I'd probably be interested in buying some from you, PM me with price for 20, cash waiting


----------



## andie (Sep 23, 2007)

macro junkie said:


> alot have died..i would say half!..but yer il have some for sale soon..


Are they dieing due to cannibalism scott or just dieing, im only asking because ive also lost probably about a 1/3 of my Congo nymphs and i have not seen one being eaten by another, There is a constant supply of food for them but they are thinning out big time but i think this is fairly common with such big hatches.
A lot will be going out next week, but its always a worrying time when you have orders for them.. good luck with them m8.


----------



## macro junkie (Oct 27, 2007)




----------



## macro junkie (Oct 27, 2007)

andie said:


> Are they dieing due to cannibalism scott or just dieing, im only asking because ive also lost probably about a 1/3 of my Congo nymphs and i have not seen one being eaten by another, There is a constant supply of food for them but they are thinning out big time but i think this is fairly common with such big hatches.
> A lot will be going out next week, but its always a worrying time when you have orders for them.. good luck with them m8.

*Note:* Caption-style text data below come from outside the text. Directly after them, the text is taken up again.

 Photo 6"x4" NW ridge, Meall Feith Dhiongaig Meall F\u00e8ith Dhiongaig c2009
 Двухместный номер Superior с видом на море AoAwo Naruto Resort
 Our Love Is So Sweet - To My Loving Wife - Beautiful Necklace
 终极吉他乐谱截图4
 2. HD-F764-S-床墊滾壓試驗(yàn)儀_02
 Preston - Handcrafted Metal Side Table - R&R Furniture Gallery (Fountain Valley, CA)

 Hi andie.sorry i must of missed this post..None where due to cannibalism.They just dropped dead..1 day i had 300..2 weeks later i have 100 left and aload of dead mantids in the corner of the cage.a few weeks have gone by..they have all shed to 2nd instar now and your be surprised to hear i have about 40 left.2 ooths hatched..very big hatching rate..maybe 200 per ooth..but now i only have 40 left..LOL.iv separated most of them..the ones left in the cage are the ones im going to sale soon as they shed to 3rd instar (3£ each)


----------



## macro junkie (Oct 27, 2007)

24 days from hatching they have all shed to 2nd instar.some have shed to 3rd instar..iv had lots die for no reason..im left with about 40.

1st instar 



















update..2nd instar



















if u look closley on this image u can see the nympths jaw and teeth.pretty cool i thought


----------



## macro junkie (Oct 27, 2007)

Adult female


----------



## NXSmiggy (Oct 29, 2008)

ill take a few from you scott when your ready to let them go bud , im paid on the 28th so should be good timing by the sounds of it.

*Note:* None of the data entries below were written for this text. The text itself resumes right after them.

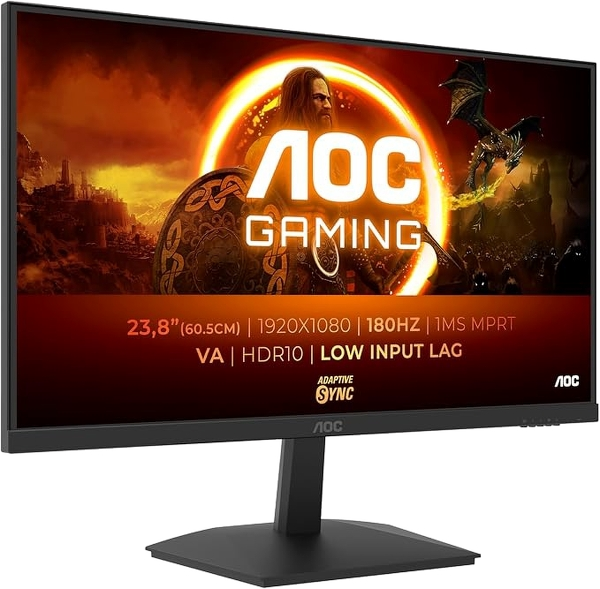 AOC Gaming 24G15N 24" 180Hz Monitor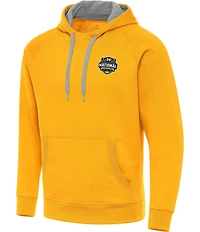 Antigua NCAA Basketball Michigan Wolverines 2026 National Champions Victory Pullover Hoodie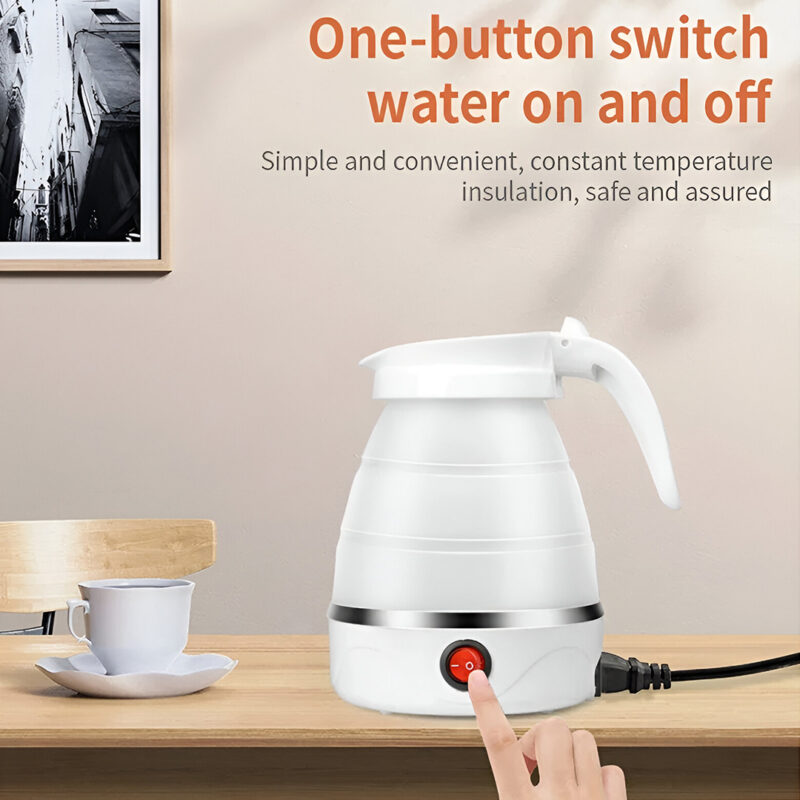 کتری برقی سیلیکونی مدل Electric Kettle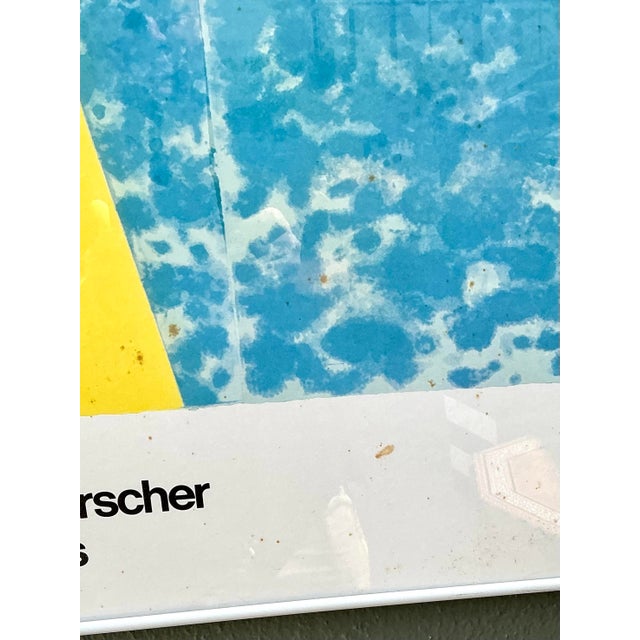 Vintage David Hockney Gallery Show Poster For Sale - Image 12 of 12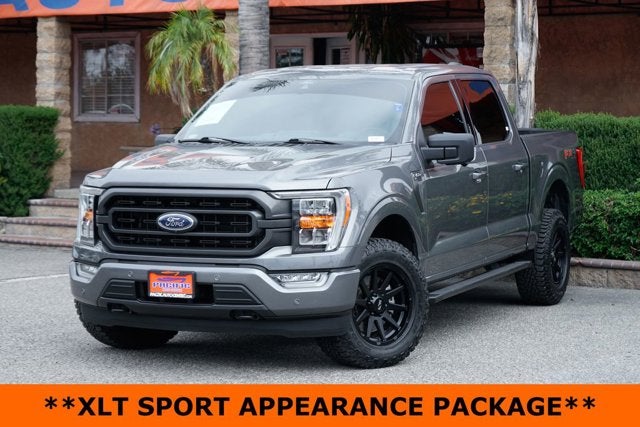 2022 Ford F-150 XLT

out of curiosity what are you keeping them in?

the grown on one's i mean


----------



## macro junkie (Oct 27, 2007)

NXSmiggy said:


> ill take a few from you scott when your ready to let them go bud , im paid on the 28th so should be good timing by the sounds of it.
> 
> out of curiosity what are you keeping them in?
> 
> the grown on one's i mean


 i only have 1 adult female i keep in a 1ftx1ft net cage.you could also keep it in a sweetie jar.nympths are ready to sale when ever u want them..there all 3rd star pretty much now.3£ each or 4 for 10£.


----------